== ABOUT THIS EXERCISE ==
Retyping should cover only the lines from the one containing "Black Turtleneck Crop" through the final line of the records, with pictures omitted.

== Collected data ==
------------------------------

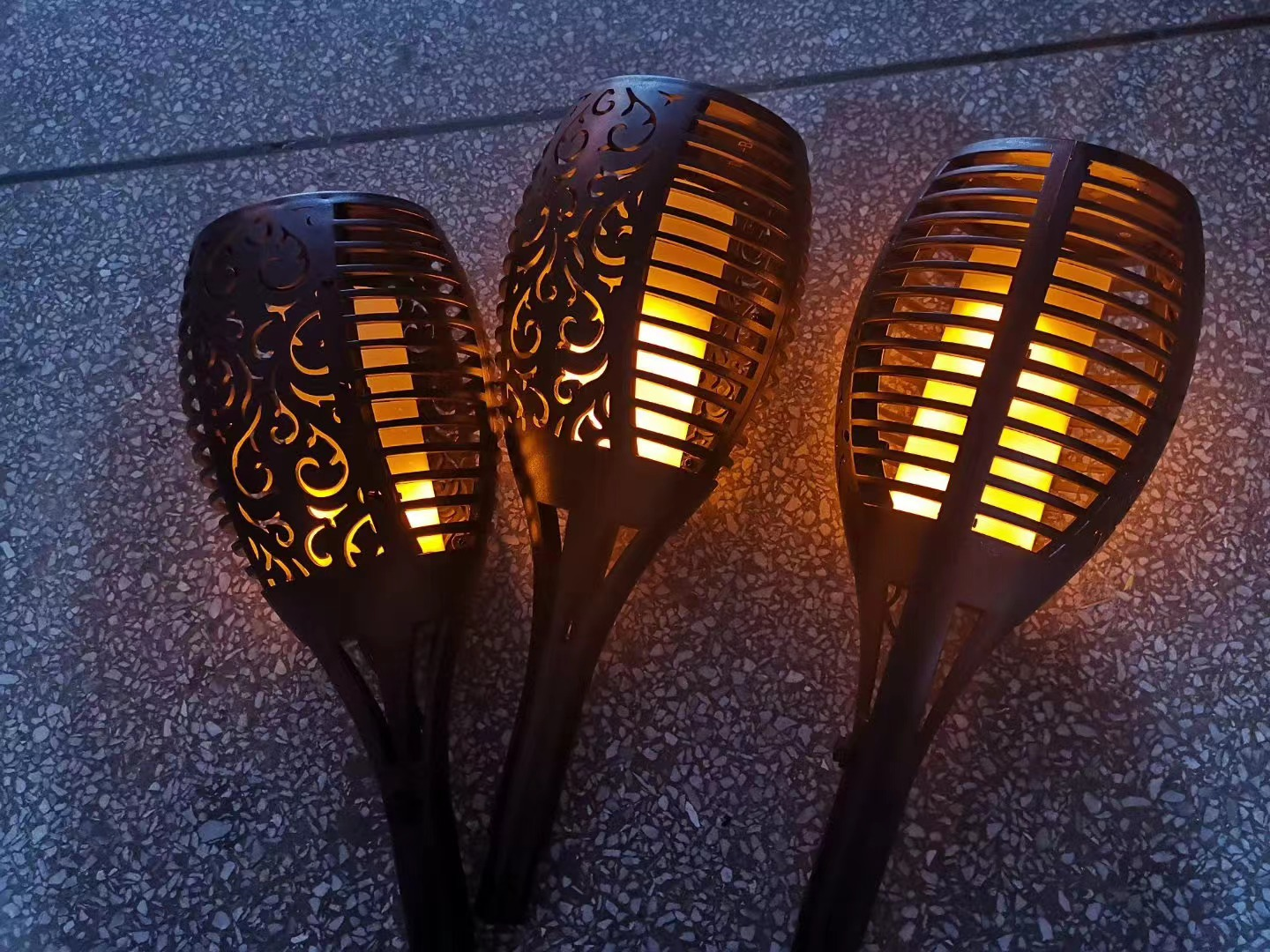 SU-HUX01 3W SOALR PIRECE LAMP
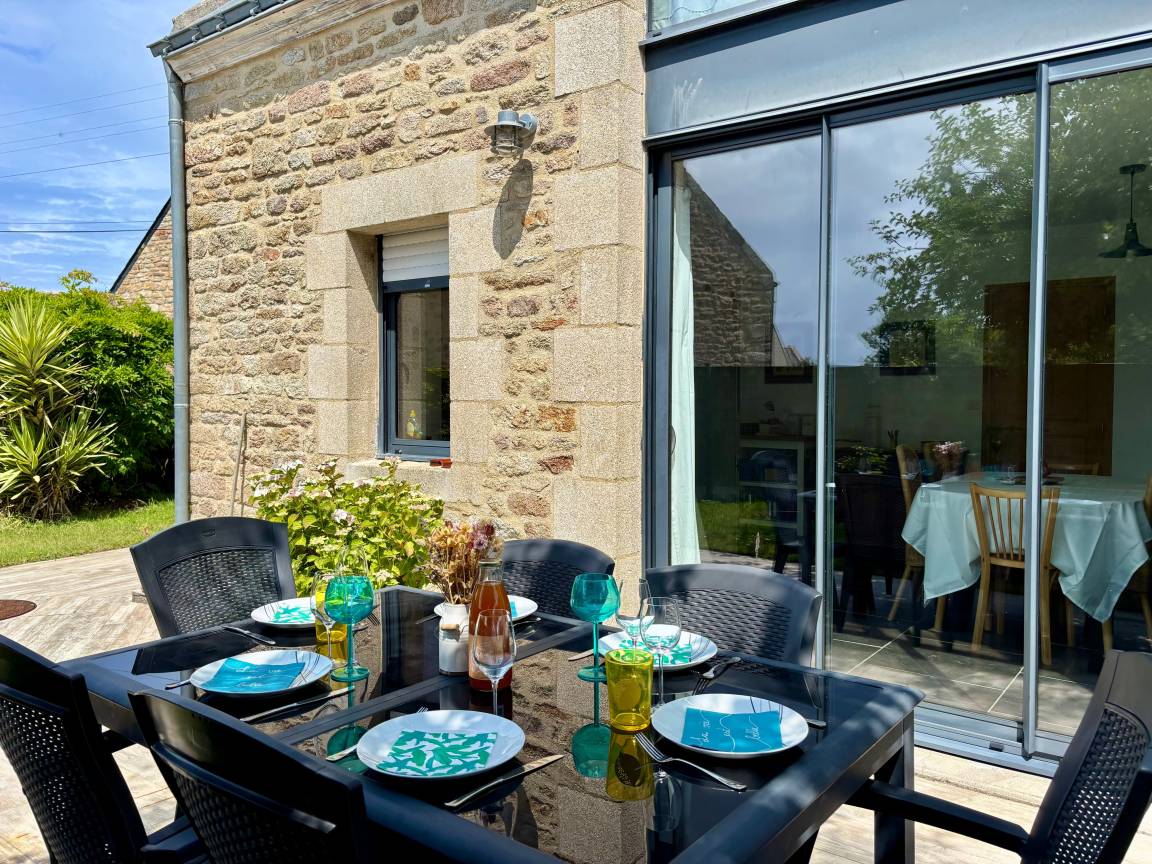 80 M² House ∙ 3 Bedrooms ∙ 5 Guests - Groix
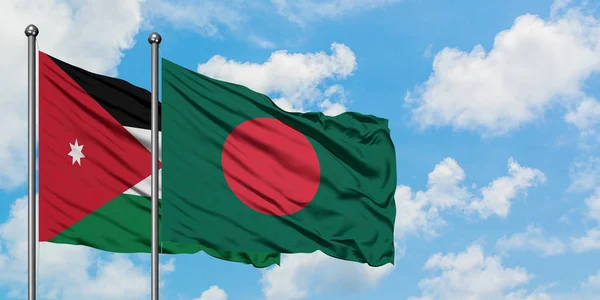 Bandera de Jordania y Bangladesh ondeando en el viento contra el cielo azul nublado blanco juntos. Concepto diplomático, relaciones internacionales . — Foto de Stock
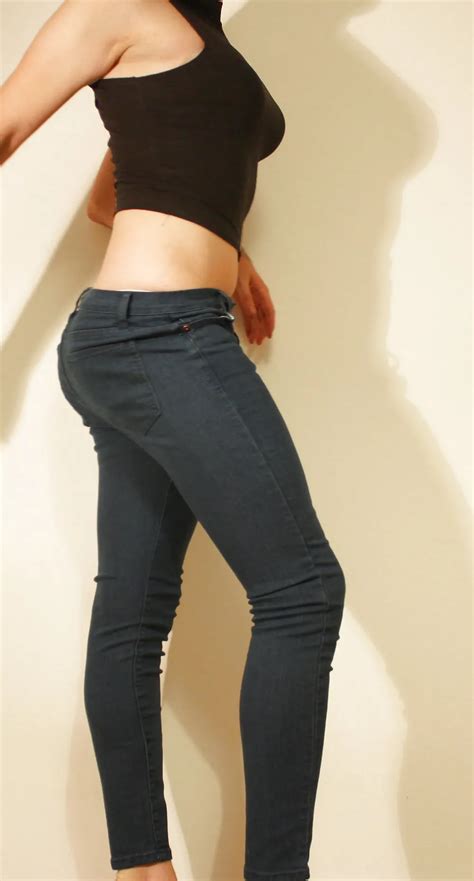 Black Turtleneck Crop Top 6 Nude Pics XHamster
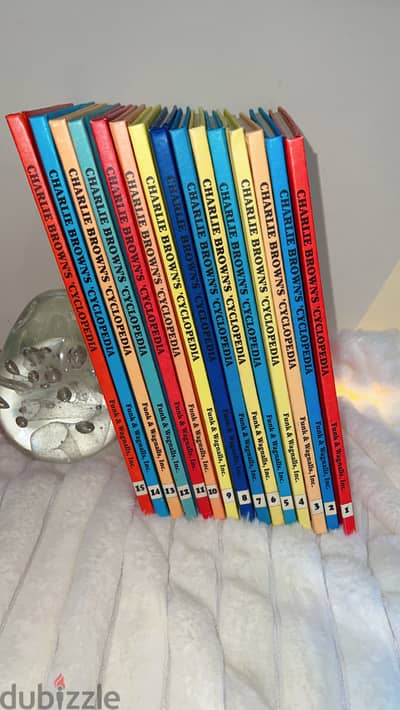 سلسله كتب اطفال CHARLIE BROWN'S CYCLOPEDIA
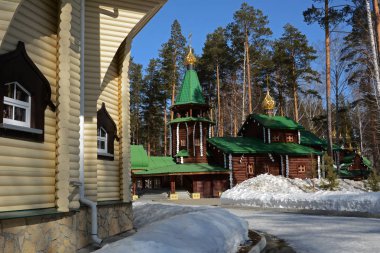 Ahşap Rus Ortodoks Hıristiyan Kilisesi Kutsal Royal Ganina Yama manastırda Şehitleri.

------------------------------

== ANSWER FOR THIS EXERCISE ==
 Black Turtleneck Crop Top 6 Nude Pics XHamster
 سلسله كتب اطفال CHARLIE BROWN'S CYCLOPEDIA
 Ahşap Rus Ortodoks Hıristiyan Kilisesi Kutsal Royal Ganina Yama manastırda Şehitleri.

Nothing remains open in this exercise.